Growth Method for Chalcongenide Phase-Change Nanostructures
- Tuesday, 01 July 2014
Nanometer-scale materials can provide smaller devices than those currently available.
Ames Research Center, Moffett Field, California
Recently, one-dimensional (1-D) nanostructures, such as nanowires and nanotubes, have become the focal point of research in nanotechnology due to their fascinating properties. These properties are intrinsically associated with low dimensionality and small diameters, which may lead to unique applications in various nanoscale devices. It is generally accepted that 1-D nanostructures provide an excellent test ground for understanding the dependence of physical, electrical, thermal, optical, and mechanical properties on material dimensionality and physical size. In particular, 1-D semiconductor nanostructures, which exhibit different properties as compared with their bulk or thin film counterparts, have shown great potential in future nanoelectronics applications in data storage, computing, and sensing devices.

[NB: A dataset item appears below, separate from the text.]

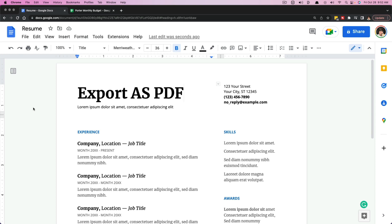Hello and welcome to another tutorial today. I'm going to show you how to export a Google doc as a PDF. So this will work in both Google Docs, Google Sheets, Google Slides. It doesn't really matter, and I'll show you a couple of them here today.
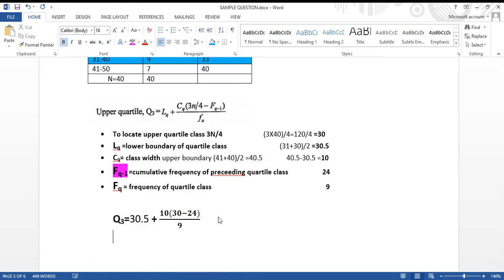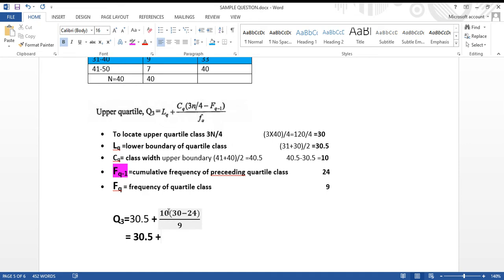Now let's calculate: Q3 equals 30.5 plus 10 times (30 minus 24) divided by 9. So 30 minus 24 is 6, times 10 is 60, divided by 9 is approximately 6.7. Then 30.5 plus 6.7 equals 37.2. So our upper quartile Q3 is 37.2.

Phase-change materials (PCMs) are among the most promising media for nonvolatile, re-writable, and highly durable data storage applications. Phase change materials based on the Ge–Sb–Te (GST) multi-element alloy system and other materials, such as In2Se3, have been extensively studied and have been found to be suitable for optical and electrical memories. Resistive switching PRAM devices, using thin-film form of these materials, have been shown to provide faster write/read, improved endurance, and simpler fabrication as compared with the transistor-based nonvolatile memories.
Although substantial improvements in the performance of thin-film-based PRAM have been made over the past decade, a number of issues remain; most notably, large programming current, limited cyclability, and scaling problems when moving to increasingly smaller dimensions. There is particularly a concern about the crystalline-to-amorphous phase transition when high current is required for material melting. The Joule heating effect may cause excessive power dissipation and inter-cell thermal interference, presenting problems for further memory scaling.

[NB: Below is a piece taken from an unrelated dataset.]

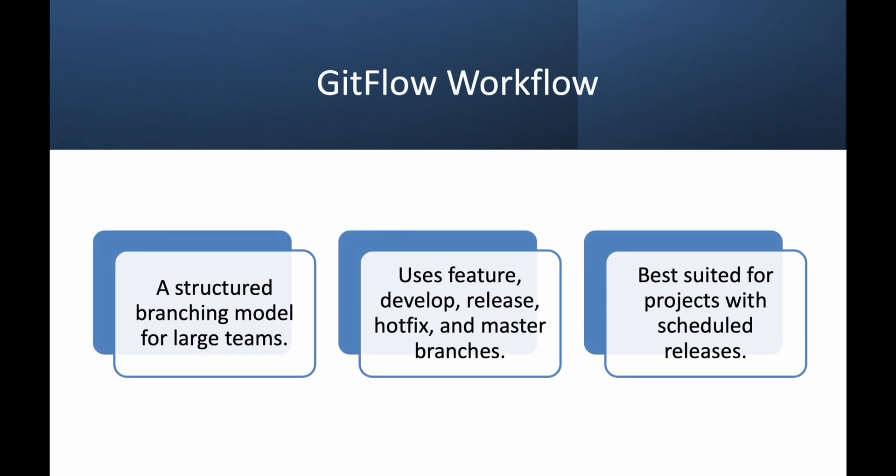First, let's discuss Git flow, which is a popular branching strategy for teams working on large projects. Git flow consists of several branches. You have main, which is mostly used for production-ready branch, develop the integration branch where new features are merged, feature where each new feature gets its own branch, release which are used for preparing a new version.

The phase transition behavior of nanoscale materials may overcome these limitations. For example, the melting temperature Tmelt of GST nanowire (e.g. 385 °C for 80-nm diameter) is reduced from that of bulk GST (632 °C), a phenomenon consistent with a previous report for semiconductor nanocrystals that reports a decrease of Tmelt with decreasing nanocrystal size. The thermal conductivity of a low-dimensional structure is also reduced relative to its bulk counterpart. The reduced Tmelt thermal conductance and smaller material volume jointly contribute to reduction of the threshold energy required for structural phase transition in nanostructures.

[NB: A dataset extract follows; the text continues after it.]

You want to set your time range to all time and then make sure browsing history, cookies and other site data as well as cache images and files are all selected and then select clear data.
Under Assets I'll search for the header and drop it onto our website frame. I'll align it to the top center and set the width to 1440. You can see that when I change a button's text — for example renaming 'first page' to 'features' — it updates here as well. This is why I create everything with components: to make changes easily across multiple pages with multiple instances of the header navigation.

A bottom-up synthesis strategy provides a route to prepare the above phase change nanowires. Some elements or binary compound 1-D nanostructures have been synthesized by thermal evaporation, laser-ablation, chemical vapor deposition (CVD), and metalorganic chemical vapor deposition (MOCVD) methods. One of the challenging issues in the field of PCM nanostructures is the synthesis of high-quality, high-purity binary and ternary alloy nanowires suitable for assembling devices on large wafers for high memory density.
The present invention provides a method for growing 1-D phase change nanowires of GST alloys and similar alloys, such as GeTe and Sb2Te3, or Ge, Te, and Sb element powders on any kind of substrates, using a thin film or nanoparticles of at least one of Au, Ni, Ti, Cr, In, Sb, Ge, and Te as a growth catalyst. The atomic ratio in the alloy nanowires can be controlled by controlling the composition of feedstock in the starting mixture. For example, Ge2Sb2Te5 nanowires can be grown from the mixture of GeTe and Sb2Te3 with 2:1 mole ratio. The length of the nanostructures depends upon the growth time applied.